• What you have to do:
Starting at the line with "إضراب عمال الموانئ", return every line through the final one of the data, word for word. Pictures stay out.

• Supplied material:
__________
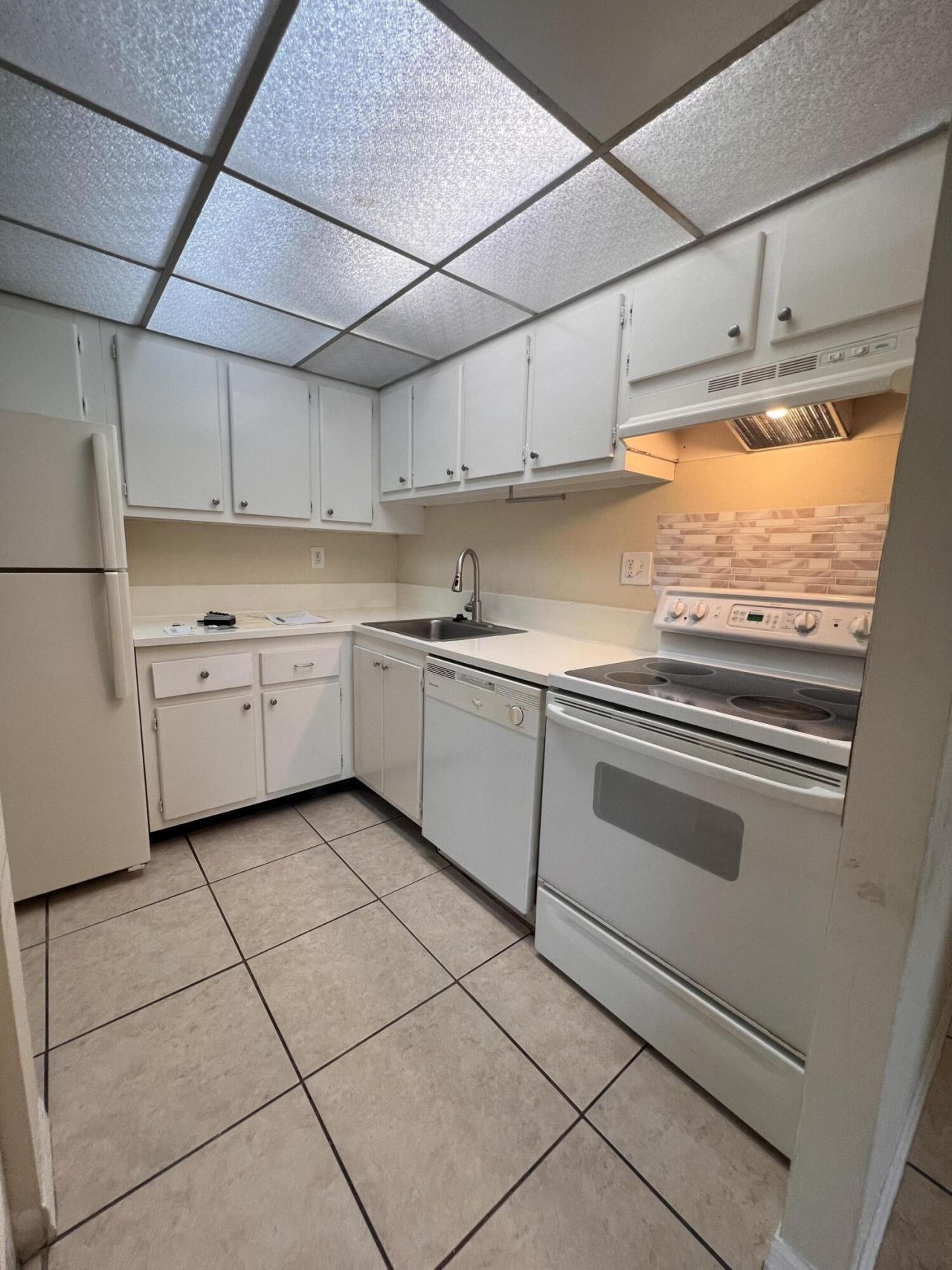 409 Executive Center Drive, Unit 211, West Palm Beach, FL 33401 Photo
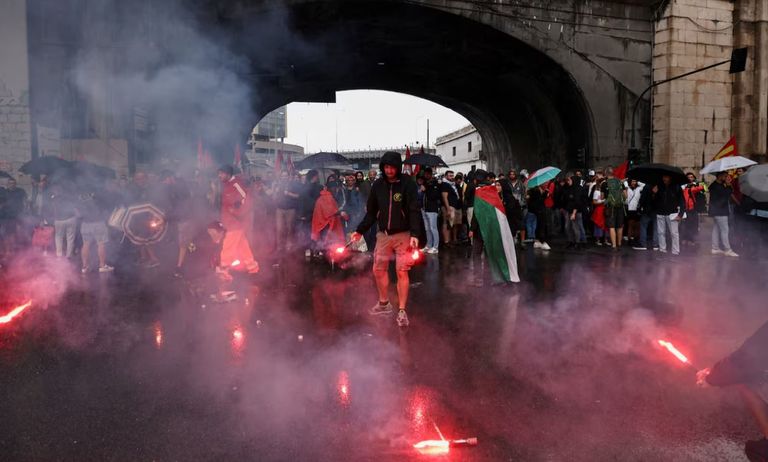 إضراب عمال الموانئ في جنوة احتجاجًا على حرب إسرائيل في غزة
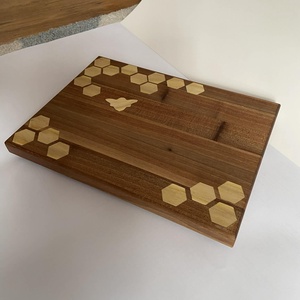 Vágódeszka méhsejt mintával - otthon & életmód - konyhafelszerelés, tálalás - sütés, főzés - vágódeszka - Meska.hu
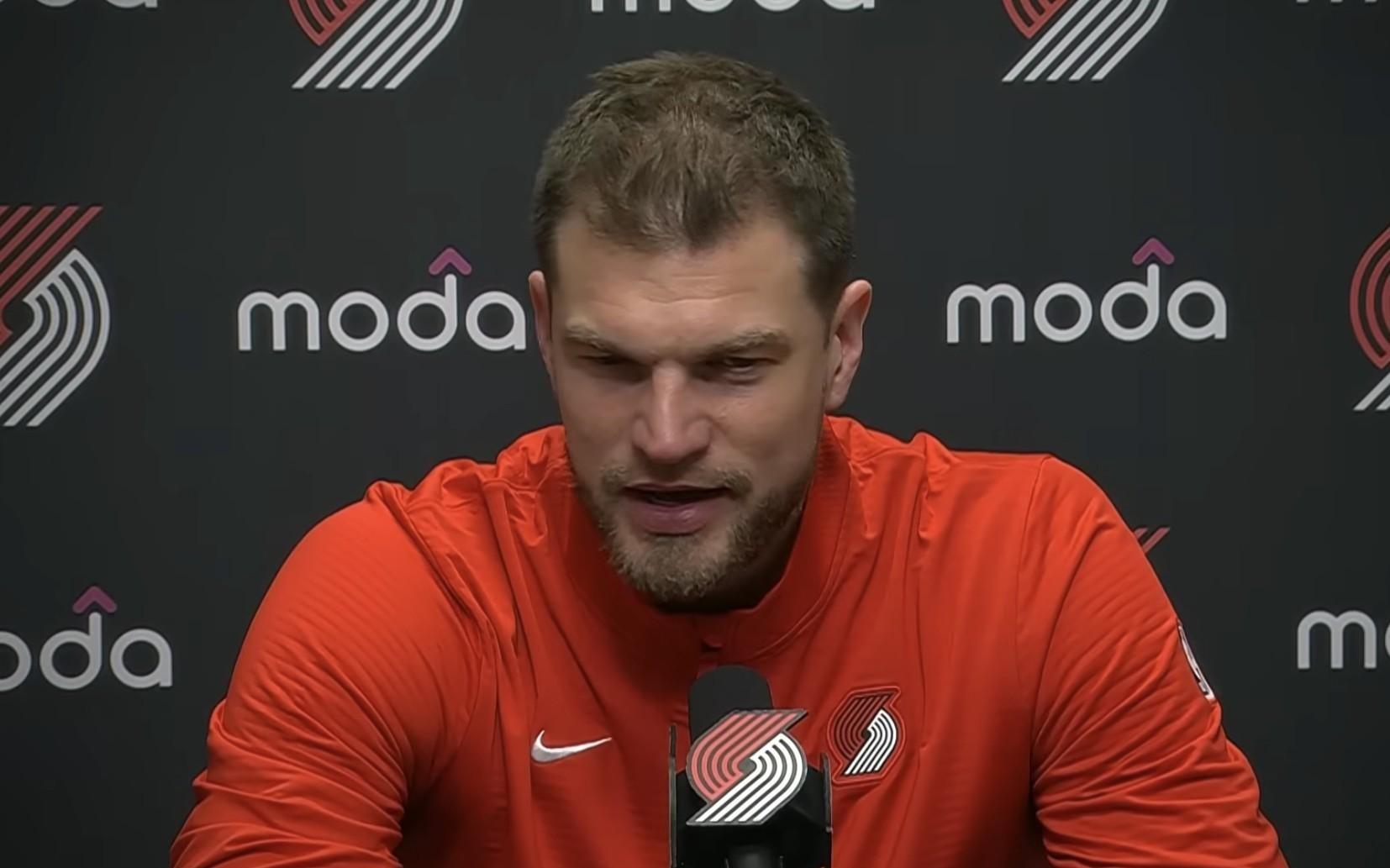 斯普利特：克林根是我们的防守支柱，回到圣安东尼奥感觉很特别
__________
• Task answer:
 إضراب عمال الموانئ في جنوة احتجاجًا على حرب إسرائيل في غزة
 Vágódeszka méhsejt mintával - otthon & életmód - konyhafelszerelés, tálalás - sütés, főzés - vágódeszka - Meska.hu
 斯普利特：克林根是我们的防守支柱，回到圣安东尼奥感觉很特别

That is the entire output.